§ Aim of the exercise: Leaving out the images, return the data below exactly as it is written.

── Material provided ──

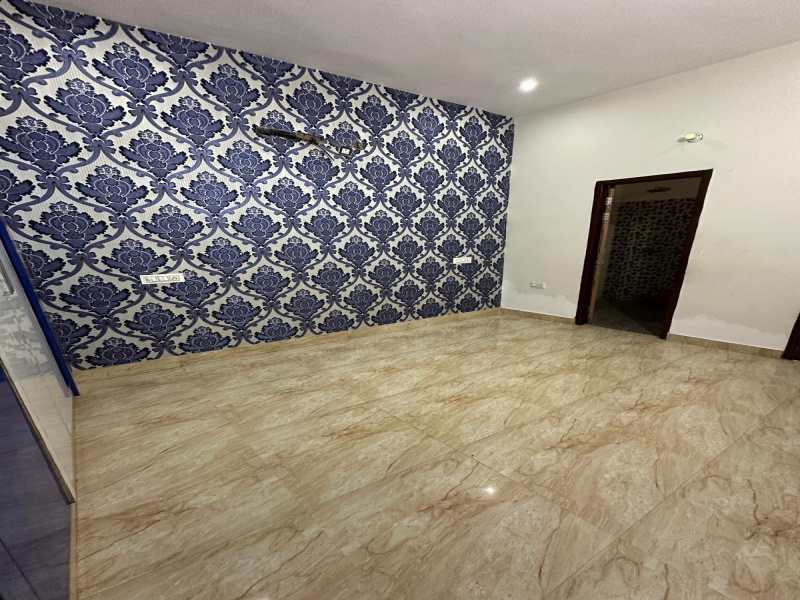 Additional image 3 of Gurjivan Vihar, Dhakoli, Zirakpur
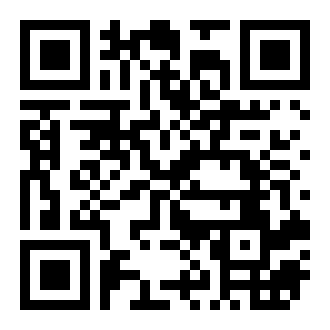 观看视频教程《欧姆定律》初中物理电子白板优质课-汤春的二维码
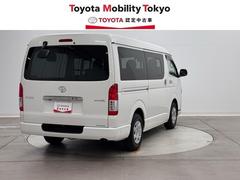 ҤǤϡΥեӥ³Ƥ󶡤Ǥա̡롦פΤͤؤ˸ꤵƤƤޤ 2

───

§ Solution:
 Additional image 3 of Gurjivan Vihar, Dhakoli, Zirakpur
 观看视频教程《欧姆定律》初中物理电子白板优质课-汤春的二维码
 ҤǤϡΥեӥ³Ƥ󶡤Ǥա̡롦פΤͤؤ˸ꤵƤƤޤ 2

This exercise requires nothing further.